L’uomo della Intel si accigliò. «Non mi è stato notificato nessun cambiamento nell’ordine dell’equipaggio. Perché ha portato con sé un secondo ufficiale di rotta?»

Yusel spiegò. «Per abituarsi con rotta. Dobbiamo volare tanto basso. Su non c’è pressione di aria.»

Non del tutto soddisfatto, l’uomo della Intel rilesse i documenti. Non trovandovi appigli, li gettò attraverso il tavolo. Yusel li raccolse, e guidò il suo compagno attraverso le stanze dell’equipaggio, dove entrambi si tolsero le uniformi. Il suo compagno era Neilson.

«Il peggio è passato,» gli disse Yusel, «ora la porterò alla casa di mia cugina. Là sarà al sicuro. Suo marito, il dottor Abu Zeki, si metterà in contatto con lei appena potrà.»

Neilson annuì. «Più presto è, meglio è.»

Yusel lo portò alla casa di Abu, quindi ritornò a Baleb. Era già tardo pomeriggio, quando entrò nel ristorante, ma dovette aspettare un’ora perché suo cugino arrivasse. Quando giunse, Abu Zeki aveva l’aria furtiva di un uomo che sa di essere sorvegliato. Sottovoce, davanti a due bottiglie di coca-cola fatta nel paese, Yusel lo informò dell’arrivo di Neilson.

«Vuole vedere il professor Fleming e la professoressa Dawnay,» terminò.

Abu Zeki si guardò intorno ansiosamente, scrutando il piccolo caffè vuoto. «Non so se potranno venir via tutti e due,» disse, «ma gliene parlerò.»

Appena ebbe saputo che Neilson padre era in salvo e nell’Azaran, Fleming decise di rinunciare ad essere prudente e di andare a vederlo. Disse alla Dawnay di tenersi pronta a partire appena fosse scuro, se voleva correre il rischio di venire anche lei.

Il tempo fu d’aiuto. Una violenta tempesta scoppiò proprio al tramonto con lunghi lampi e brevi raffiche di pioggia, che colpivano le case e la sabbia turbinante. Le sentinelle si rifugiarono tremanti e spaventate in tutti i ripari che poterono trovare. Fleming e la Dawnay si avventurarono sotto un diluvio di pioggia, senza che nessuno li fermasse.
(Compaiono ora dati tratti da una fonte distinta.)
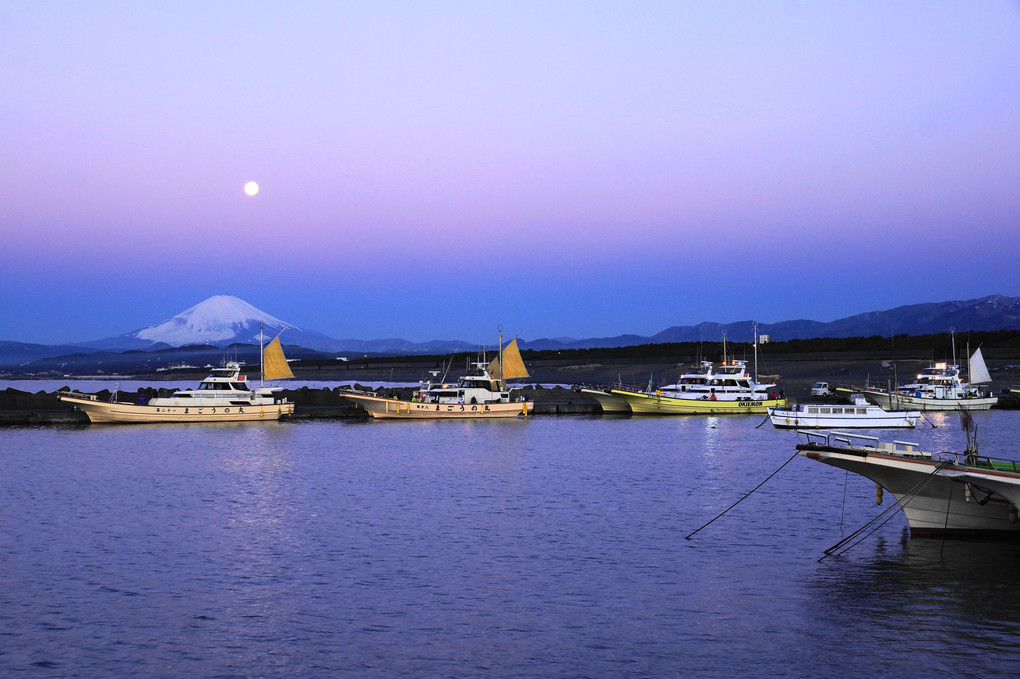 漁港の夜明け：Ｐ2
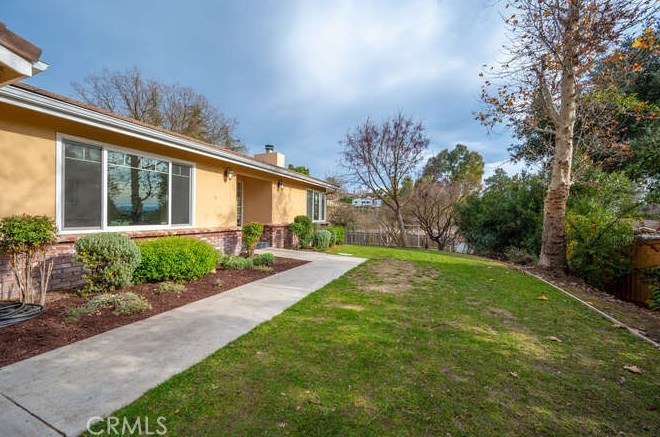 820 Jackson Dr, Lake Nacimiento, CA 93446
Il viaggio fu spaventoso. La piccola automobile slittava sullo spesso strato di fango, fatto di sabbia del deserto. Ma la pioggia era caduta solo in una zona e, dopo quaranta minuti, correvano su terreno asciutto, mentre la tempesta li accompagnava con l’eco dei tuoni ed il riverbero continuo dei lampi.
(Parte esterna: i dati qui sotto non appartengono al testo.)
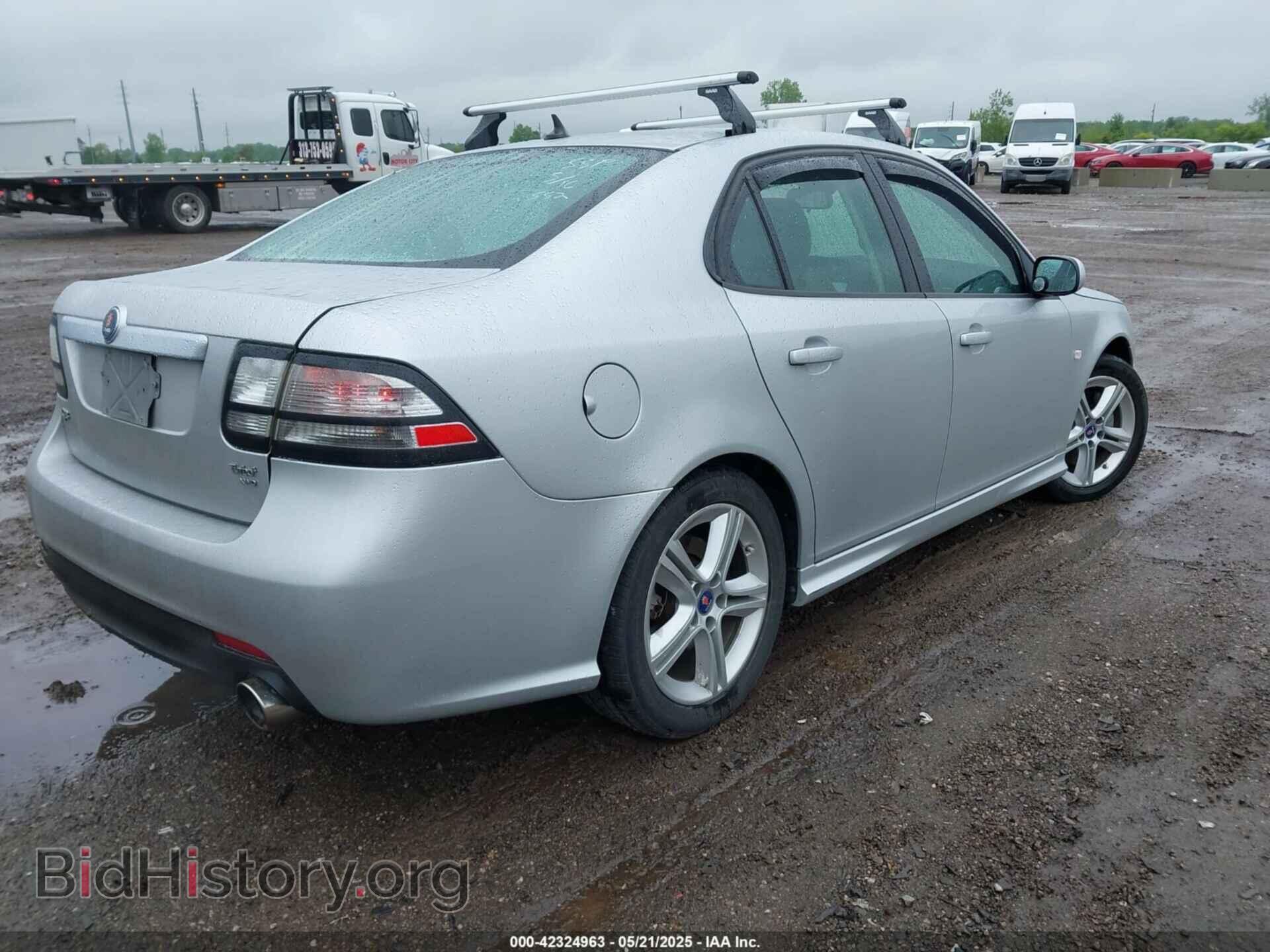 2011 SAAB 9-3 - VIN: YS3FA4BY2B1308942 - Photo 4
Fleming provò un senso di sollievo irragionevole, quando Lemka aprì la porta, vedendo Neilson in piedi dietro di lei. Il saluto silenzioso dell’americano, il modo nel quale gli afferrò la mano, erano assurdamente tranquillizzanti.

Per la Dawnay, Neilson era qualcuno che significava un raggio di quella speranza della quale rifiutava di ammettere l’esistenza, e tuttavia non era sicura di capire perché fosse venuto. Sedettero entrambi in silenzio, trattenendo la propria eccitazione, mentre il grande uomo tranquillo mangiava nel suo modo metodico un grappolo d’uva, raccontando quello che era successo a Londra. Per la prima volta, sentirono che Osborne era sopravvissuto alle rivoltellate nella loro prigione di campagna, e che Neilson stesso era stato chiamato perché «cercasse di sondare questa storia del clima,» come disse lui — e come anche gli altri avessero sommato due più due, trovando che la fonte di tutto era stata Thorness. A quel punto si erano fermati senza poter andare avanti, fino a che non ebbero ricevuto il messaggio della Dawnay.

«C’è davvero qualche speranza?» chiese Neilson.

«Tanta quanto un granello di sabbia nel deserto.»

Madeleine spostò il piccolo vassoio sul quale Lemka aveva messo la cena di Neilson, e sparse sul tavolo il fascio di carte che si era portata dietro, nascondendolo sotto la cintura del vestito.